Duras nos compartilha sua obsessão, talvez como Clarice Lispector, de abordar […] ali onde a linguagem não alcança. Um balbucio carregado de sabedoria sobre o que se esconde nas entranhas do desejo, do amor, do luto, da infância, da morte, da viagem.

Estado latente, fora da história e do tempo, a infância em Duras interroga o mundo antes de nomeá-lo. “Ernesto não sabia ler nem sua idade, apenas seu nome, devia ter entre 12 e 20 anos”: à medida que avançamos na leitura, a noção de identidade tal como a conhecemos torna-se um terreno movediço. Duras problematiza a instituição escolar e a vaidade intelectual, eclipsadas pela experiência pessoal e por um prazer pelo conhecimento que tudo arrasta e nos deixa afinados, embriagados de jogo.

O instintivo, o autodidata e o pulsional movem os fios deste romance curto de personagens errantes, em um devir selvagem que tem o gosto pela vida à flor da pele. Com o correr das páginas, encontramos a emocionalidade durasiana em sua máxima expressão: as palavras naufragam diante do inominável dos afetos retratados. Os personagens tentam compreender-se entre si falando, mas nem eles nem nós — leitores — conseguimos sempre compreender o que acontece.

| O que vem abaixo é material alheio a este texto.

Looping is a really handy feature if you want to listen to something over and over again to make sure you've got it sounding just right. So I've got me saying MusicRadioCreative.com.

O destruir e recomeçar do zero com a linguagem como utopia fazem desta narrativa algo que resiste a significados conclusivos. “No centro dos livros de Duras há uma oquidade, um buraco negro onde estariam o sentido e o indizível nunca revelado”, apontou Fabienne Bradu em sua análise da obra de Marguerite.

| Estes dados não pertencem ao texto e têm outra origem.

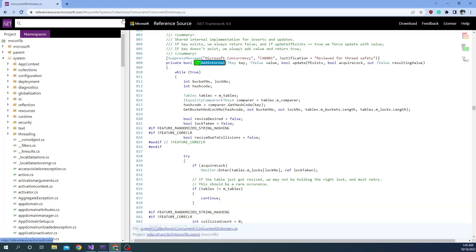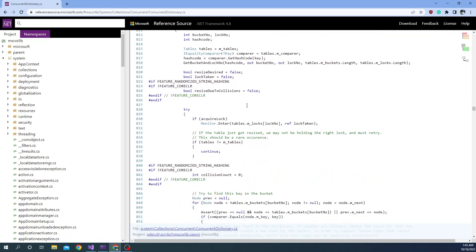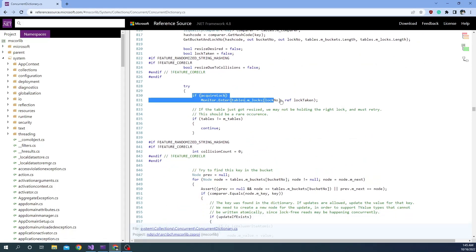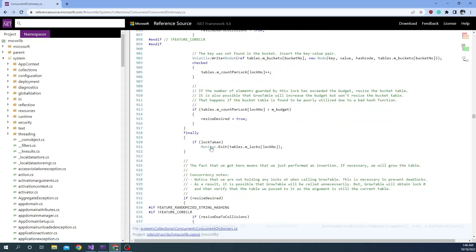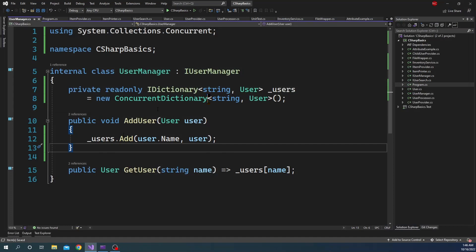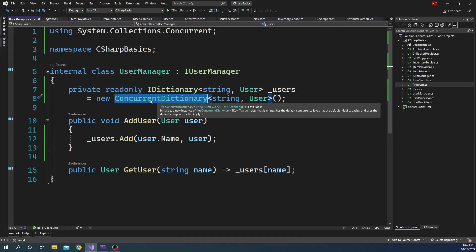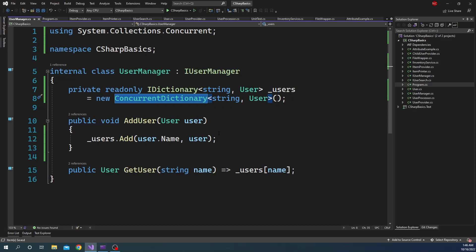Looking at the source code of ConcurrentDictionary, it has a TryAddInternal method. Inside this method, it acquires a lock using Monitor.Enter — which is the same as the lock statement, since the lock statement is nothing but try Monitor.Enter / finally Monitor.Exit. So inside the try it acquires a lock, and in the finally block it does Monitor.Exit. ConcurrentDictionary gives this feature out of the box.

“Duras problematiza a instituição escolar e a vaidade intelectual, eclipsadas pela experiência pessoal e por um prazer pelo conhecimento que tudo arrasta e nos deixa afinados, embriagados de jogo.”

A maestria de Duras consiste em rondar essa oquidade, aproximar-se perigosamente dessa matéria resistente à linguagem e — ainda que não a penetre por completo — deixar essa oquidade visível e vibrante como uma ausência imprescindível para que surja o cerco da escrita.

O francês Frédérique Lebelley apontou que a escrita de Marguerite poderia ser a câmara escura dos negativos do álbum familiar. Do nosso aqui e agora, com a reflexão em torno das infâncias tão presente na agenda, este livro nos convida a repensar os parâmetros que regem nossas maneiras de abordar a infância.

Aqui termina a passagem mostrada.